THE “MISUSE” NARRATIVE VS. SUBSTANTIVE JUSTICE: DECONSTRUCTING SECTION 498A
AUTHOR – RASHMI MALL* & DR. SHAIWALINI SINGH**
* LL.M (CRIMINAL LAW) STUDENT AT AMITY LAW SCHOOL LUCKNOW, AMITY UNIVERSITY UTTAR PRADESH, LUCKNOW CAMPUS
** ASSISTANT PROFESSOR OF LAW, AMITY LAW SCHOOL LUCKNOW, AMITY UNIVERSITY UTTAR PRADESH, LUCKNOW CAMPUS
BEST CITATION – RASHMI MALL & DR. SHAIWALINI SINGH, THE “MISUSE” NARRATIVE VS. SUBSTANTIVE JUSTICE: DECONSTRUCTING SECTION 498A, INDIAN JOURNAL OF LEGAL REVIEW (IJLR), 6 (3) OF 2026, PG. 335-339, APIS – 3920 – 0001 & ISSN – 2583-2344. DOI – https://doi.org/10.65393/ZSSE9826
ABSTRACT
This research paper investigates the prevailing tension between the legislative intent of Section 498A of the Indian Penal Code 1860 (now Sections 85 and 86 of the Bharatiya Nyaya Sanhita 2023) and the judicial discourse surrounding its purported misuse. Introduced as a response to the alarming rise in dowry-related violence in the 1980s, Section 498A provided a critical legal framework for criminalizing domestic cruelty. However, over the decades, a narrative has emerged bolstered by landmark Supreme Court judgments that characterizes the law as a tool for ‘legal terrorism’ and personal vendetta. This paper deconstructs this narrative through a doctrinal analysis of case law, statistical trends from the National Crime Records Bureau (NCRB), and sociological data from the National Family Health Survey (NFHS-5). It argues that the low conviction rates often cited as proof of misuse are more accurately understood as a failure of the justice delivery system, stemming from police-mediated settlements, hostile witnesses, and patriarchal societal pressures. Furthermore, the paper analyses the procedural shifts introduced by the Bharatiya Nagarik Suraksha Sanhita 2023, particularly the codification of preliminary inquiries and the institutionalization of cooling-off periods.
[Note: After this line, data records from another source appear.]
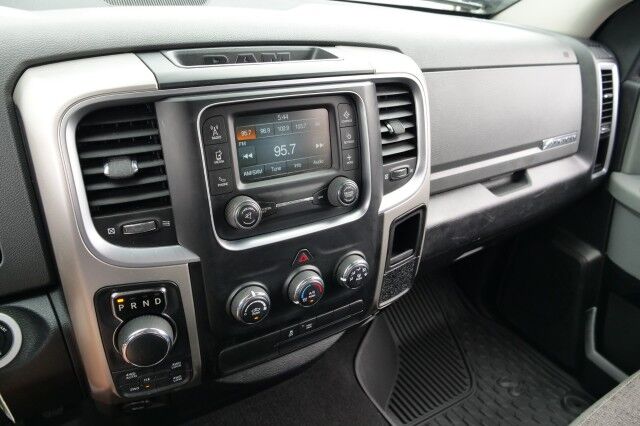 2016 Ram 1500 Big Horn 4X4 / 5.7L Hemi V8 / Wheels & Tires Upgrade! High Point NC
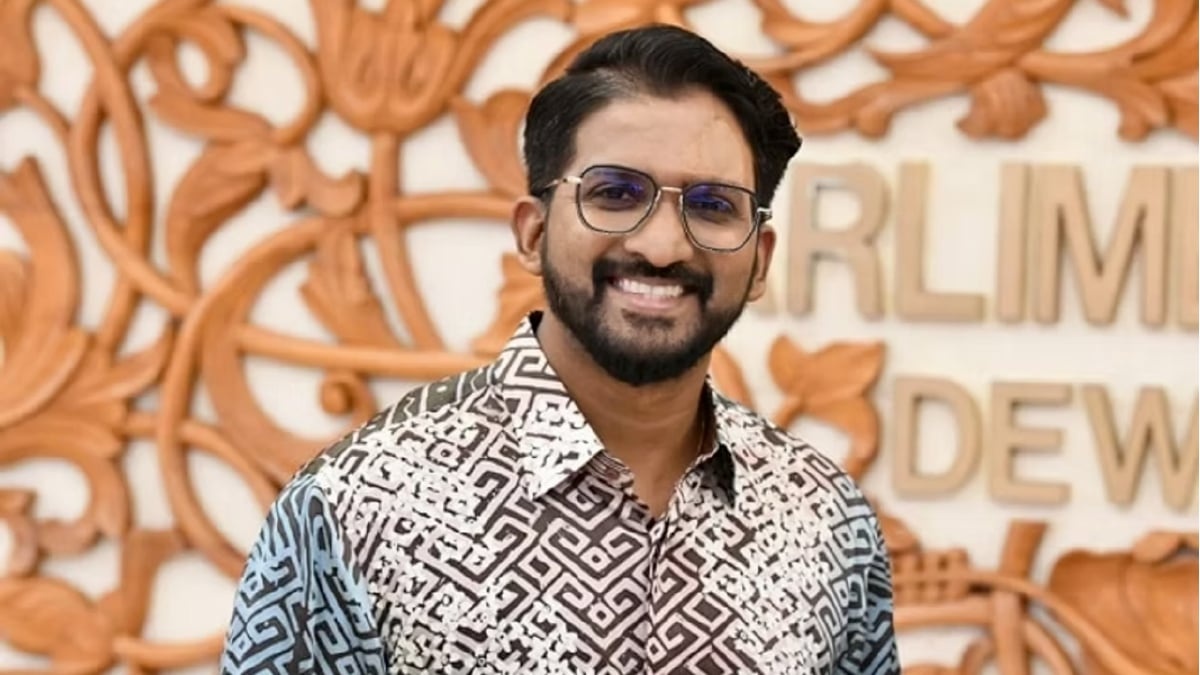 ஆதாரமற்ற அரசியல் சூழ்ச்சி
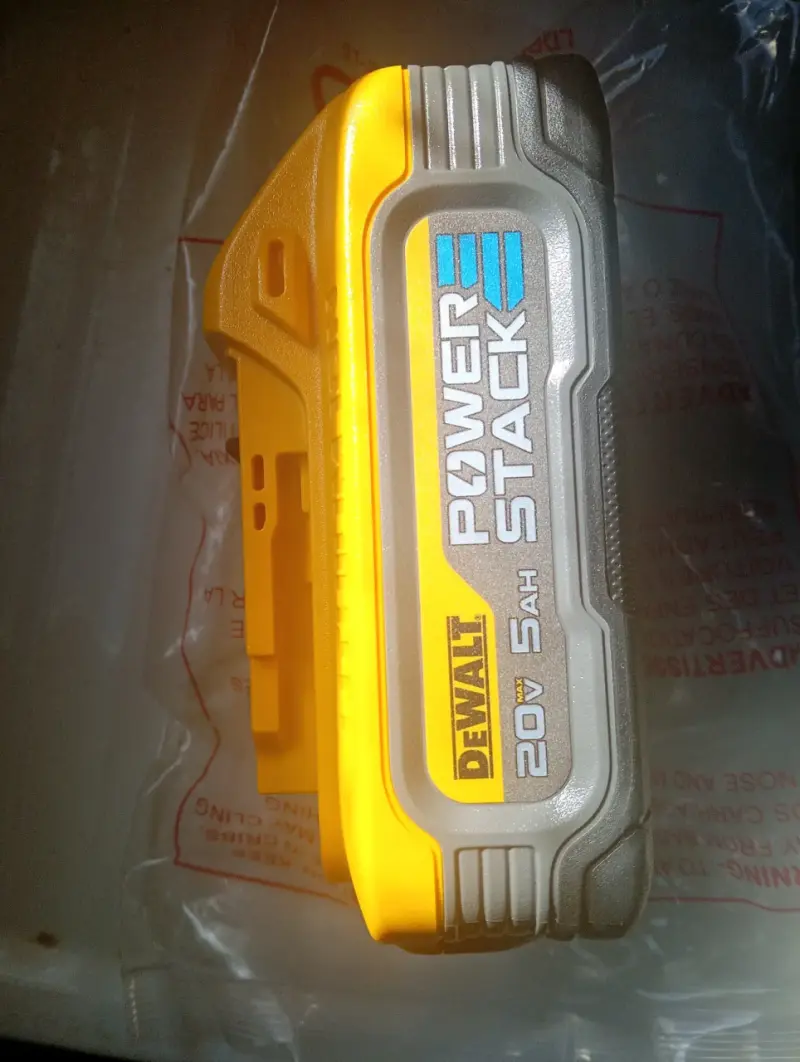 Batería DeWalt PowerStack 20V 5Ah - 1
The research concludes that while safeguards against arbitrary arrest are necessary, the current judicial and legislative trajectory risks trivializing domestic violence and undermining the substantive justice that the law was designed to provide.
Keywords: Section 498A, Domestic Violence, Misuse Narrative, Bharatiya Nyaya Sanhita (BNS), Substantive Justice.